The commission heard from a number of angry citizens and their lawyers who don’t want businesses in their neighborhoods.

Lawyers were involved in one particularly heated zoning item concerning the construction of chickenhouses.

Don Jordan and Robert Stevenson were at the meeting to appeal the decision of the Hall County Planning Commission to approve Milton Satterfield’s request to vary the setback requirements to build chickenhouses on his property, located on the north side of Home Place Road.

Attorney Wyc Orr argued on behalf of his client, who owns property near Satterfield’s, that the decision to grant Satterfield a variance was "a serious error by the planning commission."

"Their objection is to chickenhouses at all," said Emily Bagwell, an attorney representing Satterfield.

The commission voted 3-2 to grant Satterfield the variance.

Vernita Loveridge spoke on behalf of the special-events license she applied for at her business, the Holiday Marina on Lake Lanier.

"Our events have always included amplified music.
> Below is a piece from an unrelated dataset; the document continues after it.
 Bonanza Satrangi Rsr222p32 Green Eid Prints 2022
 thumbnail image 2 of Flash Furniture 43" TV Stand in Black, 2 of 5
We aren’t asking for anything we haven’t been doing for the last eight years," she said.

But residents were opposed to the commission granting the license because the loud music from some events can be heard in surrounding neighborhoods late at night.

"They’re playing too loud and too late at night," one Gaines Ferry Road resident remarked.

Commission Chairman Tom Oliver suggested the two parties meet to come to some sort of compromise before the next hearing.

Toward the end of the meeting, Commissioner Deborah Mack said she had looked into why the tax assessors, a three-person part-time board, received county health insurance.

The board agreed to have it discontinued effective Nov. 1.

The issue has come up in previous budget hearings, with many, including Mack’s opponent for the District 4 seat, Ashley Bell, upset that Hall County has not discontinued the tax assessors’ insurance to save money in a tight budget year.

Cutting the insurance would save the county about $18,000.

Mack said in her research, she never came across anything in the archives explaining when or why the tax assessors board began receiving health insurance.

"I just don’t like the timing of this," said Commissioner Bobby Banks, alluding to the upcoming elections July 15.